WHAT IS REQUIRED: Where the records contain images, omit them, and repeat everything else word for word.

DATA LISTING:
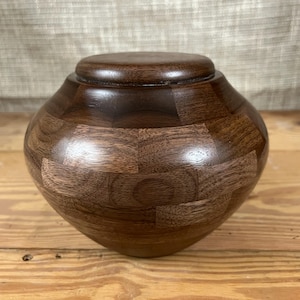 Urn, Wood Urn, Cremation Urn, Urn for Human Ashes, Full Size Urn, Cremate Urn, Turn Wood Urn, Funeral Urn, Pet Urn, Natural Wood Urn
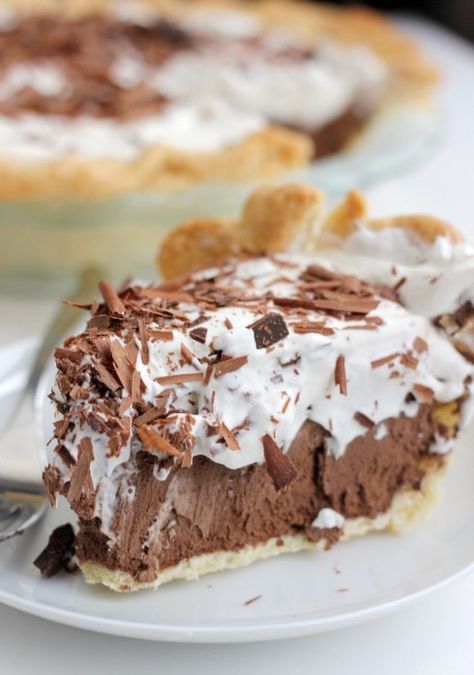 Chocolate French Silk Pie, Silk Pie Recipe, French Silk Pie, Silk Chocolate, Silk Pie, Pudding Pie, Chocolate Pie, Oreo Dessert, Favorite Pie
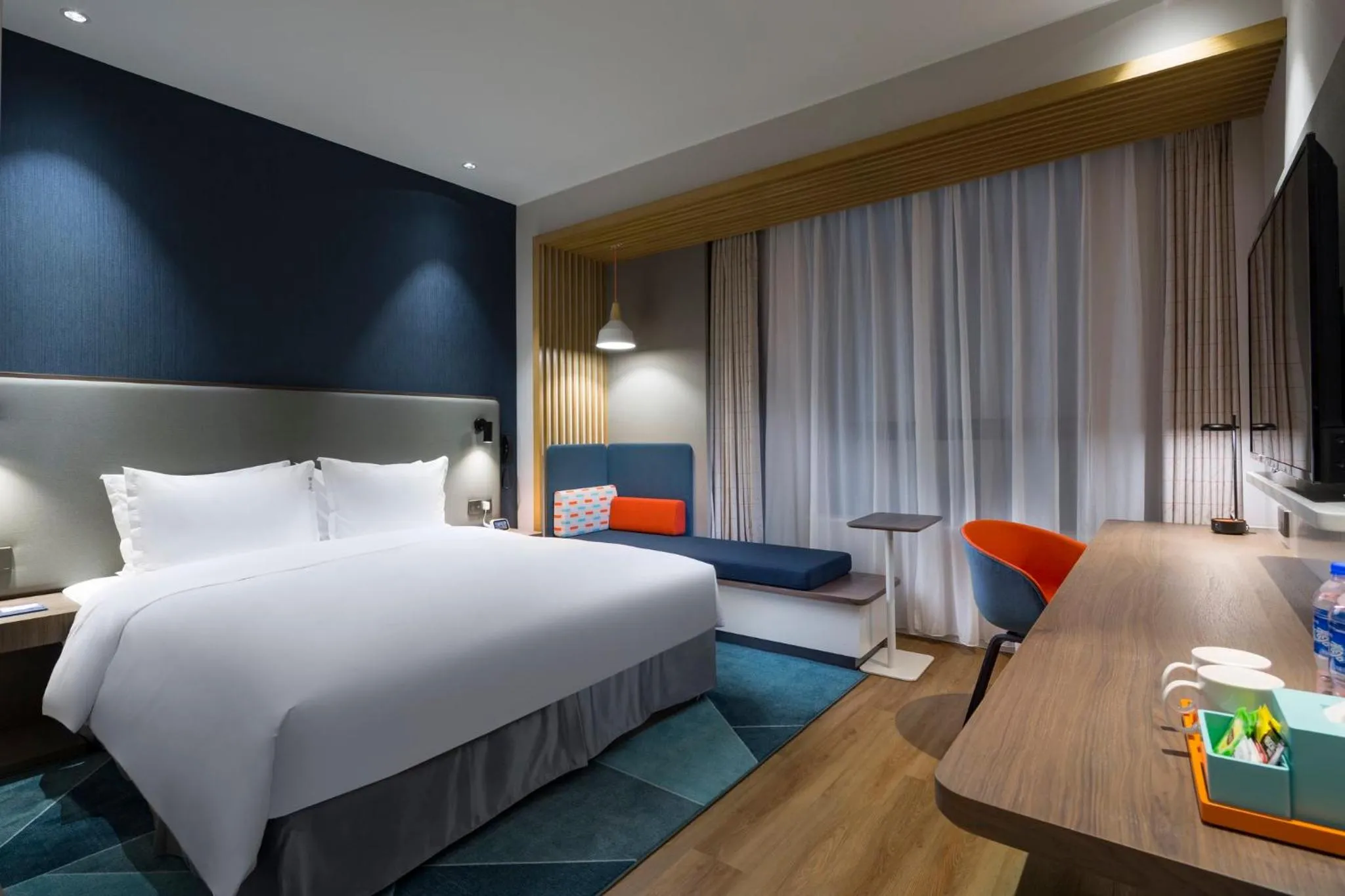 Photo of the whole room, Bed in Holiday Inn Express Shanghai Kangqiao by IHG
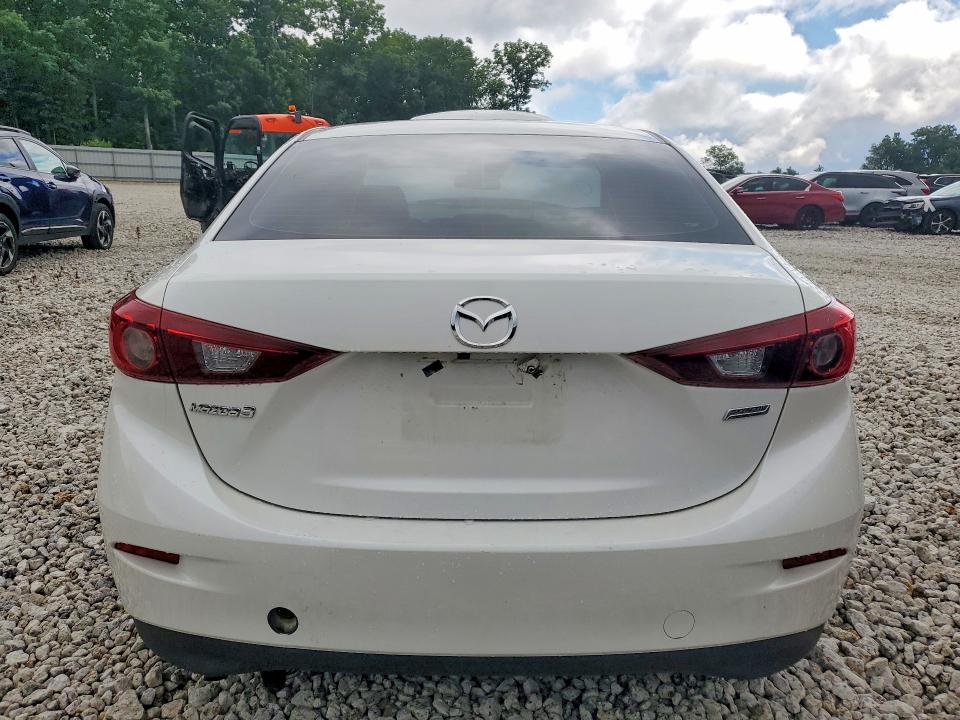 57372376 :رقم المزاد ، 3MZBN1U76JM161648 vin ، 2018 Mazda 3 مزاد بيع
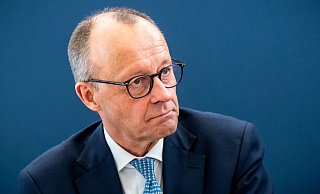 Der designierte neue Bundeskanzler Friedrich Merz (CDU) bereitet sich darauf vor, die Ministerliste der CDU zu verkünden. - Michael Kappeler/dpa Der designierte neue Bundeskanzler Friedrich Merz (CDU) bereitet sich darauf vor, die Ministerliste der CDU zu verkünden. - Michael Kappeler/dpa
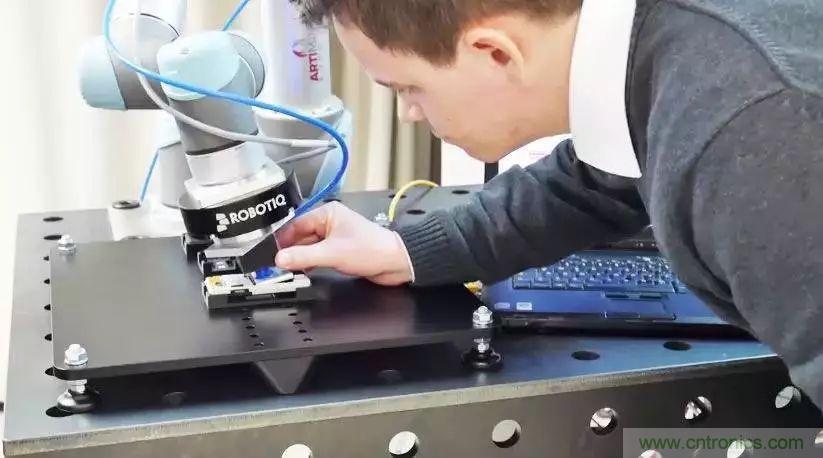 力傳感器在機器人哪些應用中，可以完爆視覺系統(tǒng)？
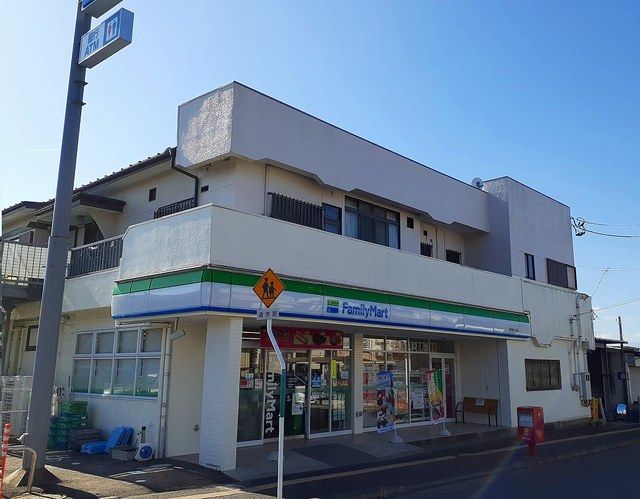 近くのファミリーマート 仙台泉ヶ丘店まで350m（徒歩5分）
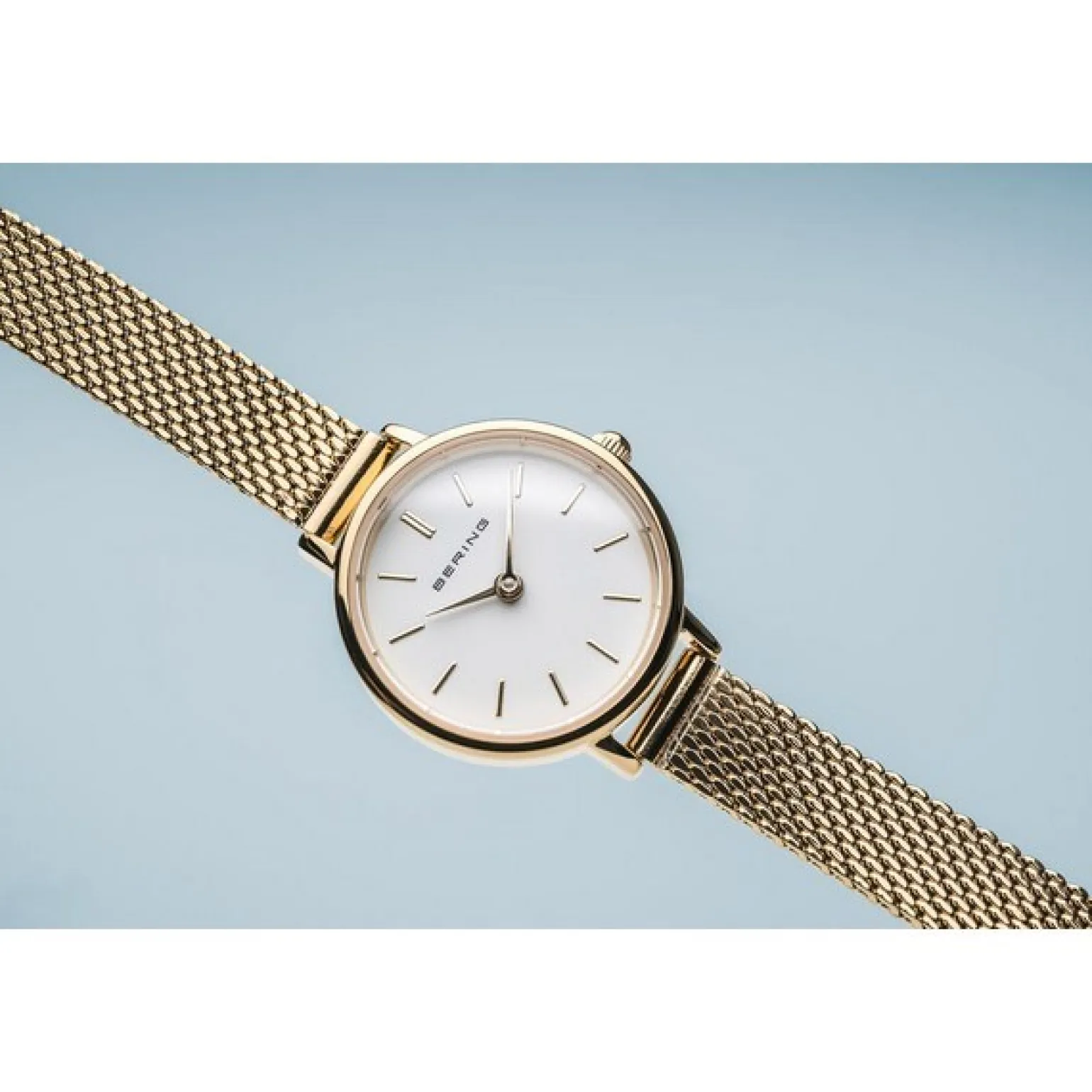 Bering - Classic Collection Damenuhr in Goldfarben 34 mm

REPLY TO THE TASK:
 Urn, Wood Urn, Cremation Urn, Urn for Human Ashes, Full Size Urn, Cremate Urn, Turn Wood Urn, Funeral Urn, Pet Urn, Natural Wood Urn
 Chocolate French Silk Pie, Silk Pie Recipe, French Silk Pie, Silk Chocolate, Silk Pie, Pudding Pie, Chocolate Pie, Oreo Dessert, Favorite Pie
 Photo of the whole room, Bed in Holiday Inn Express Shanghai Kangqiao by IHG
 57372376 :رقم المزاد ، 3MZBN1U76JM161648 vin ، 2018 Mazda 3 مزاد بيع
 Der designierte neue Bundeskanzler Friedrich Merz (CDU) bereitet sich darauf vor, die Ministerliste der CDU zu verkünden. - Michael Kappeler/dpa Der designierte neue Bundeskanzler Friedrich Merz (CDU) bereitet sich darauf vor, die Ministerliste der CDU zu verkünden. - Michael Kappeler/dpa
 力傳感器在機器人哪些應用中，可以完爆視覺系統(tǒng)？
 近くのファミリーマート 仙台泉ヶ丘店まで350m（徒歩5分）
 Bering - Classic Collection Damenuhr in Goldfarben 34 mm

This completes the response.